EXERCISE GOAL: Below are the records; return every line from the one that contains "Sklep Wędkarski" to the last, exactly, skipping the pictures.

THE INPUT:

--------------------

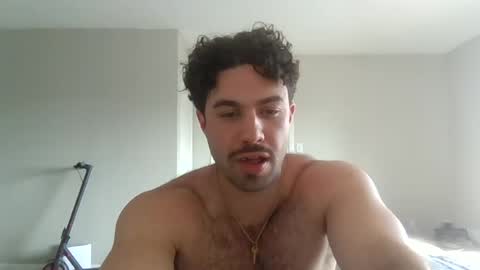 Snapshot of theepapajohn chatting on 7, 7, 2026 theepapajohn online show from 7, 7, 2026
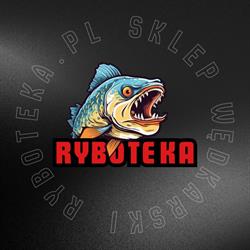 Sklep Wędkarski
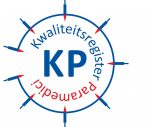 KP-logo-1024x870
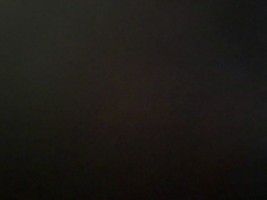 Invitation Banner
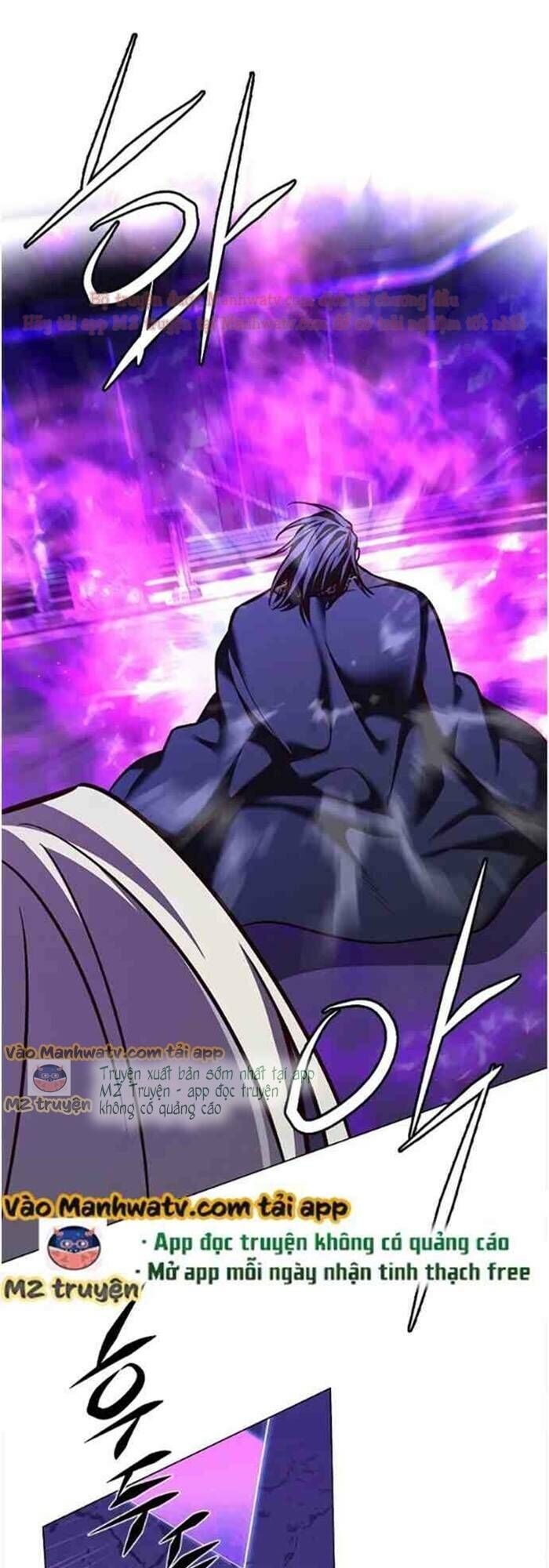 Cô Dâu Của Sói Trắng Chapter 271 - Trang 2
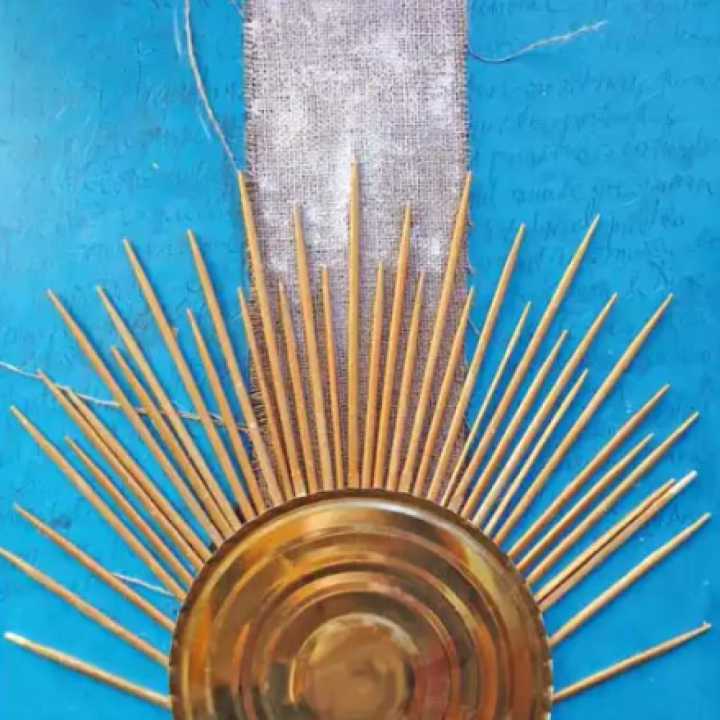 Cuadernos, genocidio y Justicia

--------------------

TASK SOLUTION:
 Sklep Wędkarski
 KP-logo-1024x870
 Invitation Banner
 Cô Dâu Của Sói Trắng Chapter 271 - Trang 2
 Cuadernos, genocidio y Justicia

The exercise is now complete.